Entonces el agua insípida de nuestra vida se transforma en un vino que “contiene todos los sabores y todas las suavidades”, como el maná que Dios hizo llover sobre su pueblo. Se transforma en el “vino que alegra el corazón del hombre”, porque el ser humano sólo alcanza la plenitud de su felicidad cuando se encuentra en armonía consigo mismo y con Dios. Esta simetría, o esta concordia, con la voluntad de Dios, es la fuente primaria de la fecundidad y de la gloria del hombre.
Cuando Dios rebosa en nuestro corazón brota incontenible la exclamación que hoy hemos vuelto a escuchar en labios de María: “Proclama mi alma la grandeza del Señor” (Lc…) Quien más intensamente ha entrado en la esfera de Dios y por consiguiente conoce más plenamente sus profundidades, dedica las primeras palabras de su cántico a ensalzar la majestad divina. Debieran ser también las primeras y las más permanentes para quienes, como nosotros, todo lo que somos y poseemos constituye un don de Dios.
La finalidad y la tarea por excelencia del hombre es celebrar, testimoniar y cantar la gloria de Dios, en lugar de entregarnos al culto de nosotros mismos y de exaltar nuestro propio nombre, o de glorificar las obras de nuestra manos, se llamen la ciencia, el progreso, el poder, el dinero, o los infinitos ídolos con que sustituimos al Dios único.

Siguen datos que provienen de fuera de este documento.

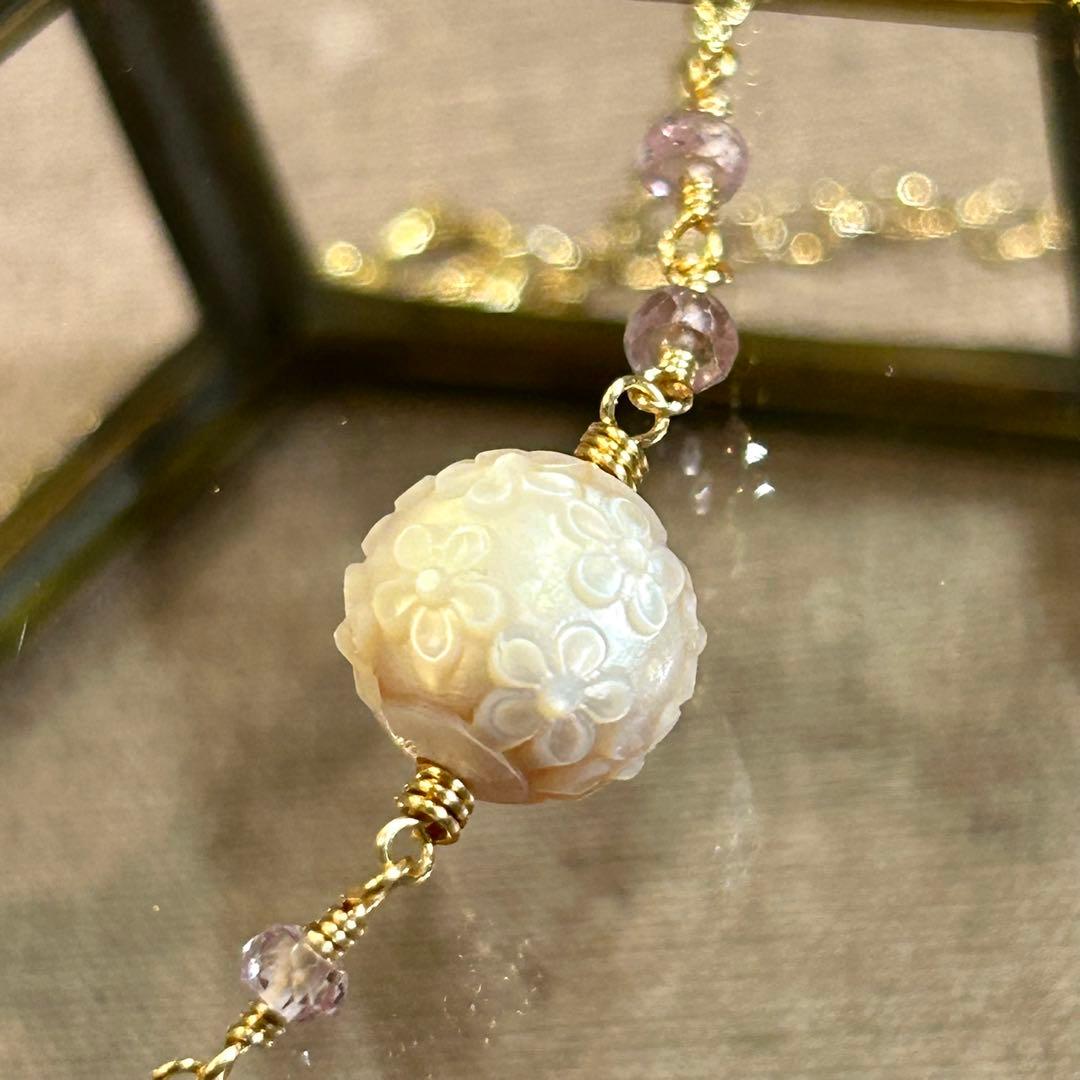 専用✳︎2点おまとめ　あこや真珠フラワーカービング　14kgf　天然石ネックレス他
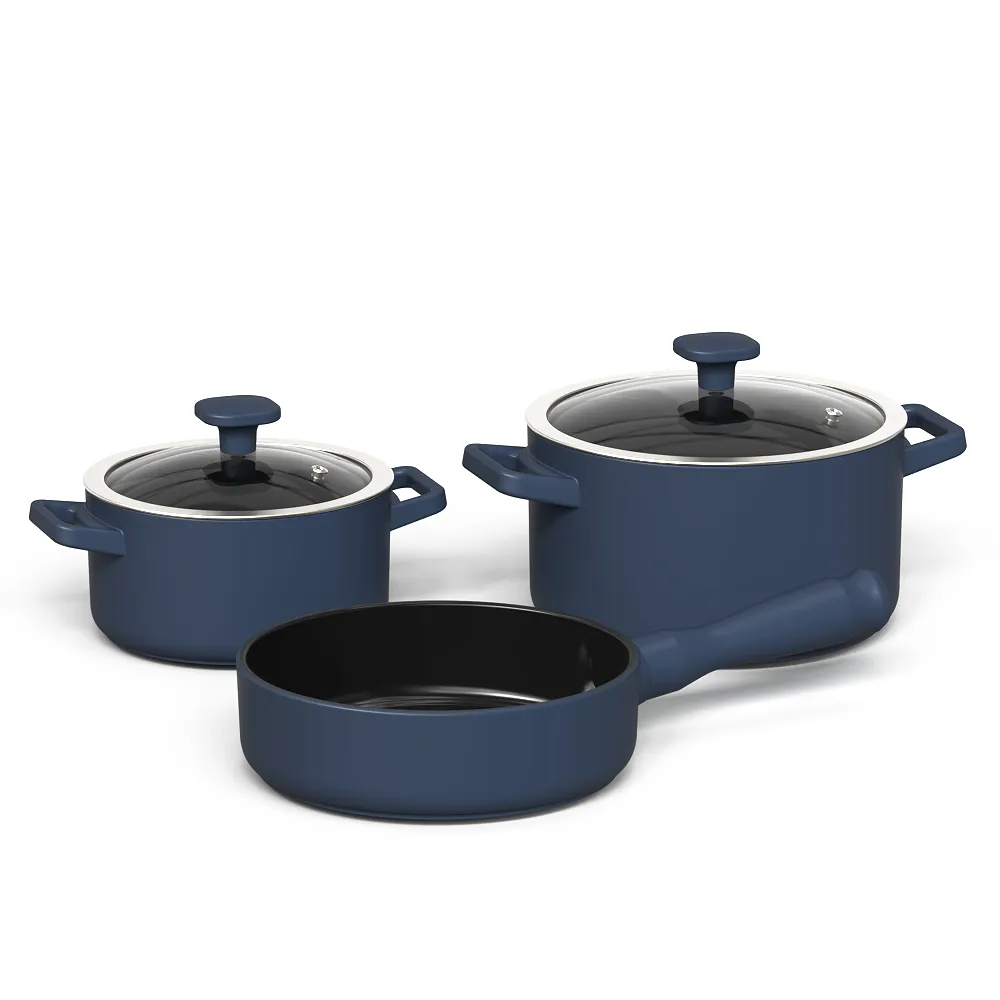 Jogo De Panelas De Cerâmica Aura 3 Pcs - Azul Índigo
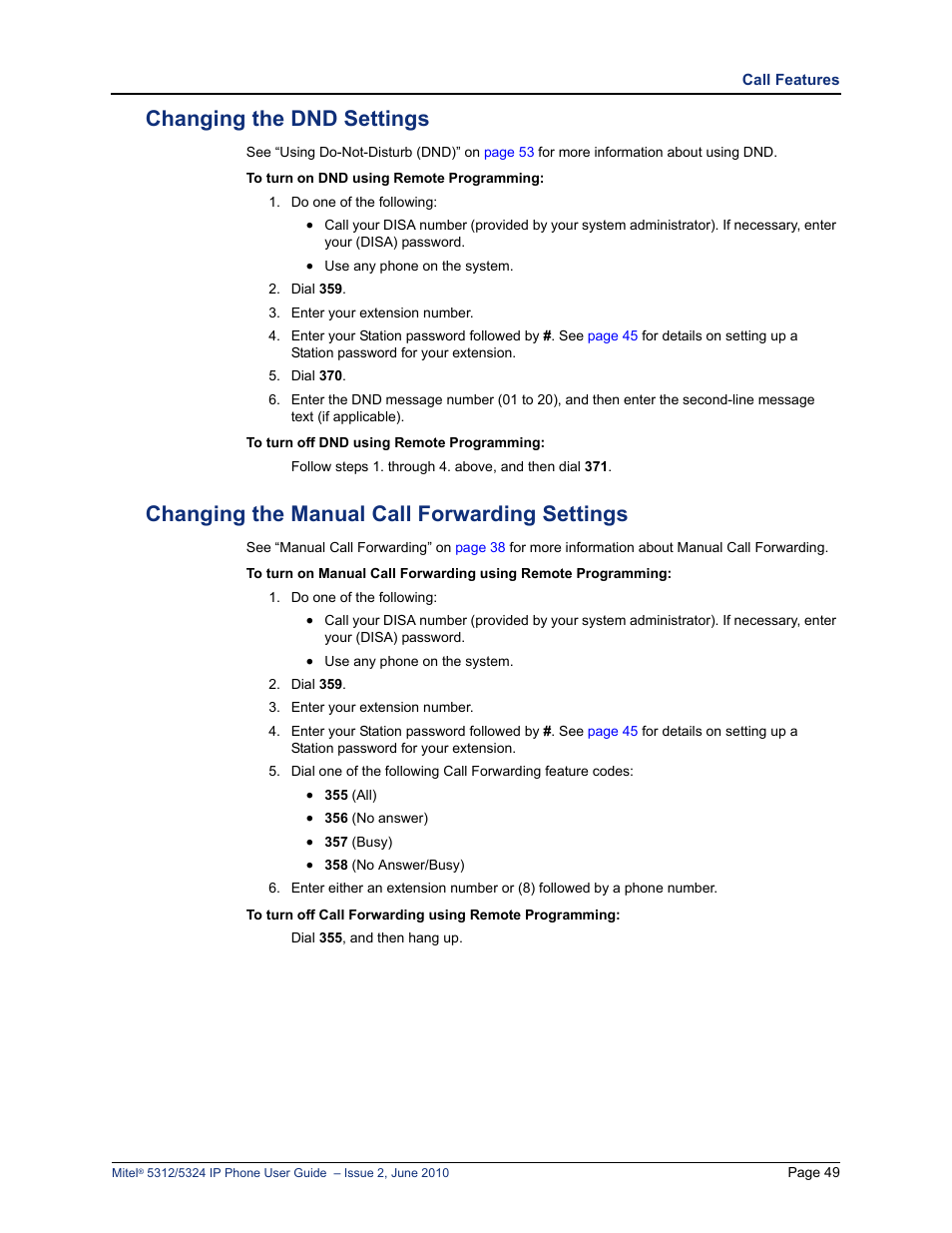 Changing the dnd settings, Changing the manual call forwarding settings | Mitel 5312 User Manual | Page 63 / 86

Nosotros somos un reflejo de la gloria creadora de Dios y nuestra propia gloria consiste en proyectarla en torno a nosotros, de manera que seamos un “himno a la gloria de su gracia” (…), de igual modo que por Cristo, en el Espíritu Santo, sube hasta el Padre todo honor y toda gloria, como proclamamos cada día en el canon de la Misa.
La criatura más grande, María, es la que más se ha humillado y la que más ha enaltecido a Dios. A ella la felicitamos hoy, con todas las generaciones, porque el Poderoso ha hecho obras grandes en Ella y la ha hecho ascender hasta lo más alto de los cielos. Con toda la Iglesia y todo la humanidad le decimos: Dios te salve, María; llena eres de gracia; el Señor está contigo.